China and Russia have presented a united front in recent weeks, saying in a joint statement they “oppose further enlargement of NATO” and called the organization to “abandon its ideologized Cold War approaches”.

Mr Abbott said both countries were intent on helping each other “do its worst”.

“If Russia seizes Ukraine, a new Iron Curtain will ring down in Europe,” he said, referring to the political boundary that divided the continent during the Cold War.

“If China exploits the confusion to seize Taiwan, the whole world order would shift against the democracies as Indo-Pacific countries made the best deal they could with the red superpower or armed themselves to the teeth against it.”


Mr Abbott criticized a number of countries for not doing more, saying “Britain and America have sent anti-tank and anti-aircraft missiles but no troops”, while Germany had been “reluctant even to threaten sanctions, should Russia invade”.

“And in shades of Munich, France has championed a peace deal based on changing the Ukrainian constitution to meet Russia’s demands,” Mr Abbott said, referring to the 1938 agreement that permitted German annexation of the Sudetenland in western Czechoslovakia.

“Last week, the German Chancellor proclaimed that ‘war has become unthinkable in Europe and we have to make sure it stays that way’ – even though he must know that up against someone who thinks differently and who routinely uses war to achieve his ends, the only way to avoid war is to surrender,” Mr Abbott said.

“Is Germany so ashamed of its past and so energized by its wealth that it can no longer stand up to those set on taking advantage of it, including a Russian president bent on economic and military blackmail?”

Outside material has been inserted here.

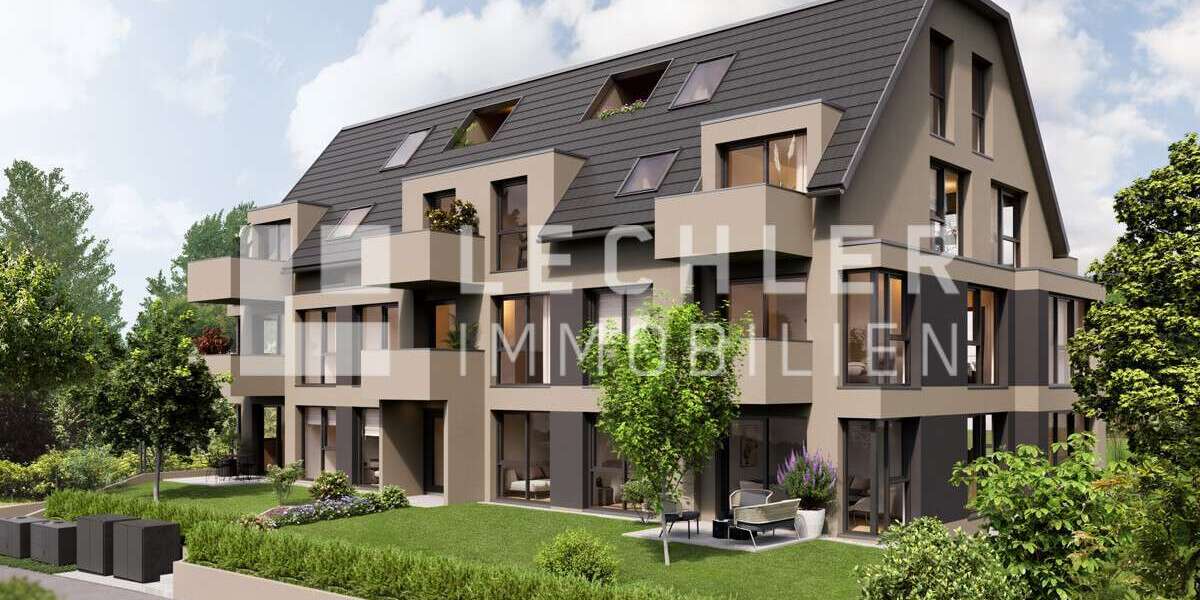 Etagenwohnung Stuttgart Degerloch - 4.5 Zimmer, 133 m&sup2;, 1.350.250&euro; | Angebot:26751314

At the very least, Mr Abbott said NATO should be ready to substantially reinforce its frontline states and supply Ukrainians with “whatever they need to fight on”.

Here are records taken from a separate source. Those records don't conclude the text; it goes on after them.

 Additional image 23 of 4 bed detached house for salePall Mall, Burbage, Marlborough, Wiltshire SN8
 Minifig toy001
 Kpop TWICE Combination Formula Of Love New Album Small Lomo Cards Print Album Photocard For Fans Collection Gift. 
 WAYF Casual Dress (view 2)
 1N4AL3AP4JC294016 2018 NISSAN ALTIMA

The former prime minister said Mr Putin had “invaded Georgia, annexed Crimea, occupied the Donbas, killed without compunction opponents at home and abroad, and restored Russia as a military superpower despite an economy smaller than Italy’s”.

The only way to keep Russia and China in check in the years ahead was for the world’s democracies to unite “one for all and all for one”.

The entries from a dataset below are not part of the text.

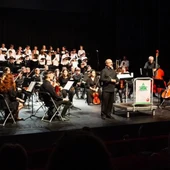 Orquestra de Corda de l'Ateneu Musical de la Vila Joiosa. Orquestra de Corda de l'Ateneu Musical de la Vila Joiosa.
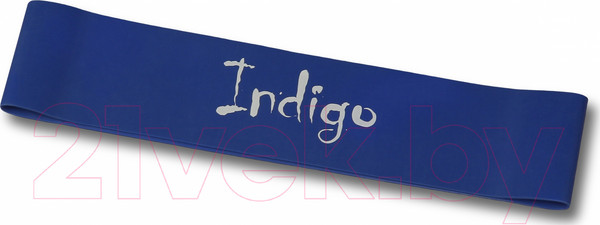 Изображение товара Эспандер Indigo Sport Heavy 6004-3 HKRB (синий)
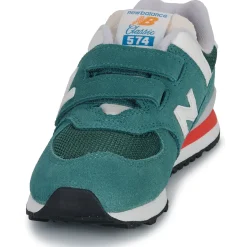 Sale New Balance - 574 Vert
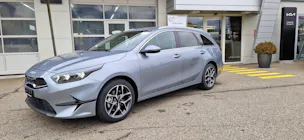 Kia Ceed SW 1.5 T-GDi MHEV GT-Line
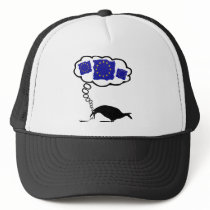 Anti EU pro UK pro UKIP,the EU makes me puke hats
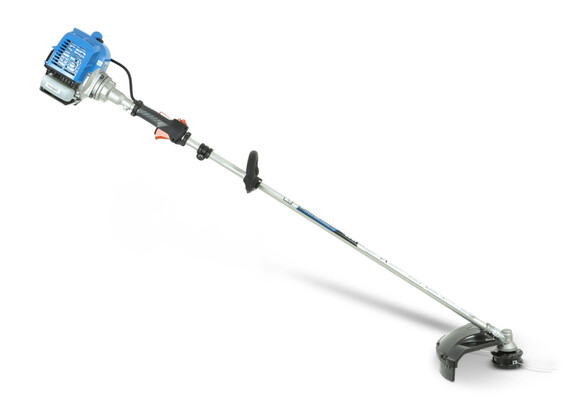 Bushranger L361 Straight Shaft Loop Handle Trimmer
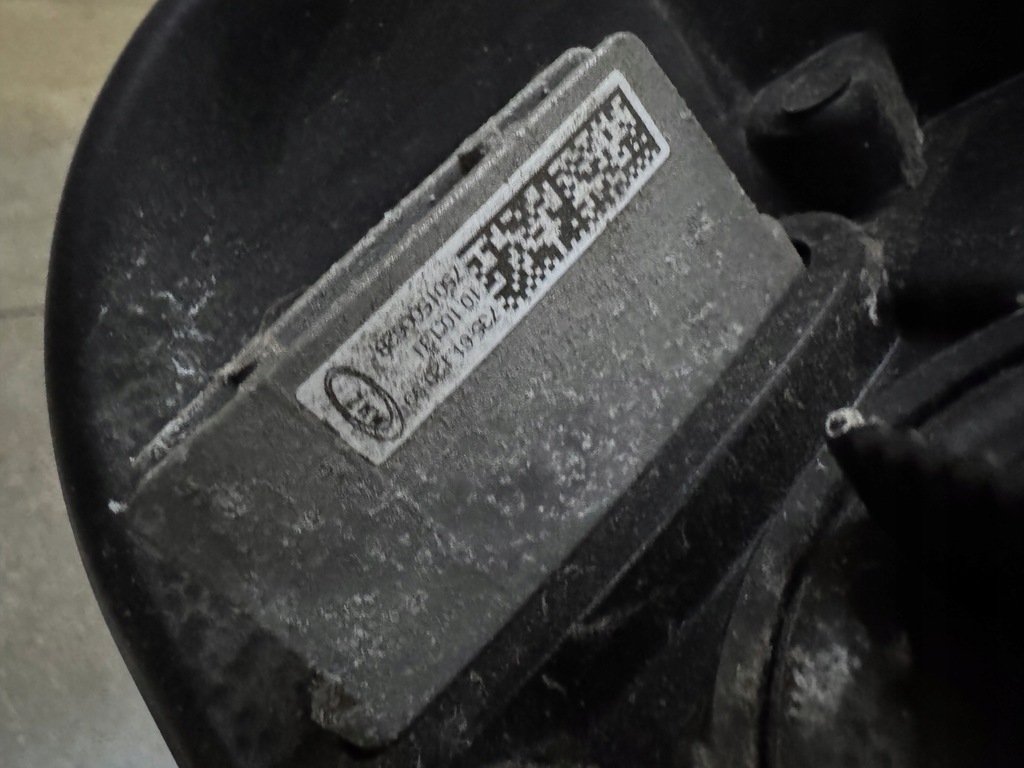 фото №11, Фара bmw x6 e71 e72 адаптивный led оригинал kompletny 13r перед левый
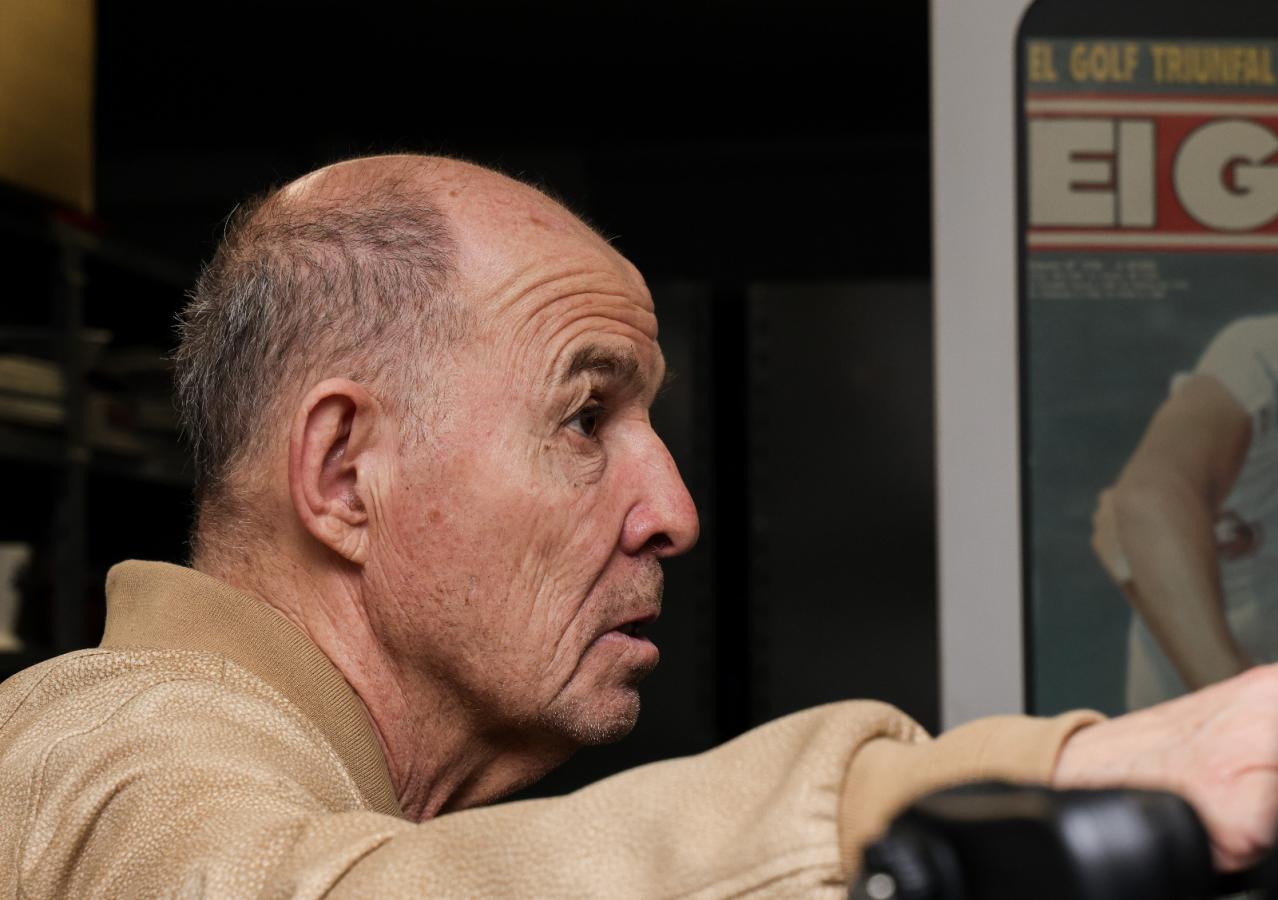 Imagen de Bochini, sincero: ¿puede ganar Racing la Copa Libertadores?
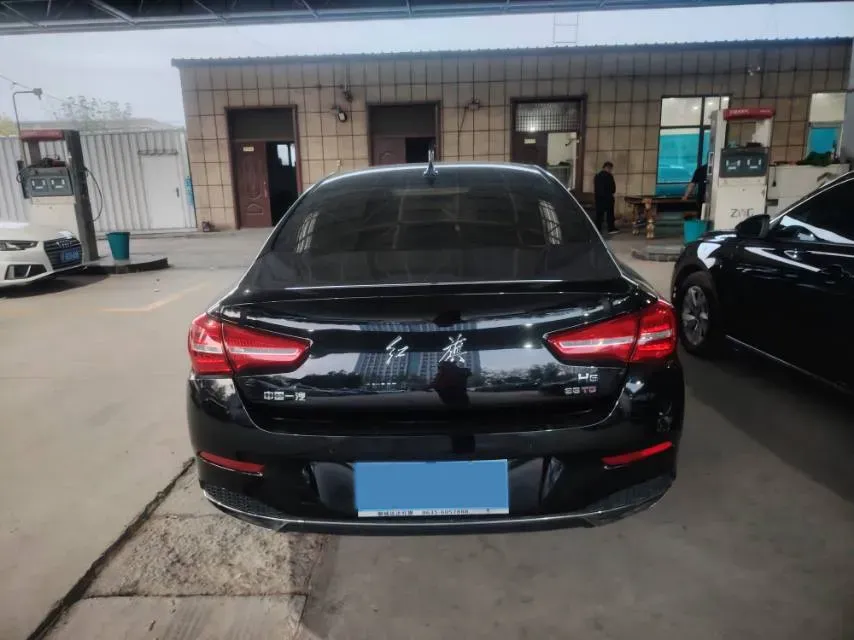 2020 HongQi H5 1.8T 197HP L4 6AT,autocango,china used car exporter,china ev exporter,chinese used car exporter,chinese used ev exporter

He said Western democracies needed to remember “how readily a freedom that’s not cherished and defended can be lost”, adding this was “starting to dawn on us in Australia” as it was forced to stand up to a rising and more aggressive China.

“Australians are accustomed to answering the call all over the world because we’ve always known that deterring aggression means letting the aggressor know that their targets aren’t alone,” he said.

“And as history shows, the best way to make potential aggressors think again is to have a contingent of allied soldiers in place so that an attack on a relatively weaker country means engaging the forces of relatively stronger ones.”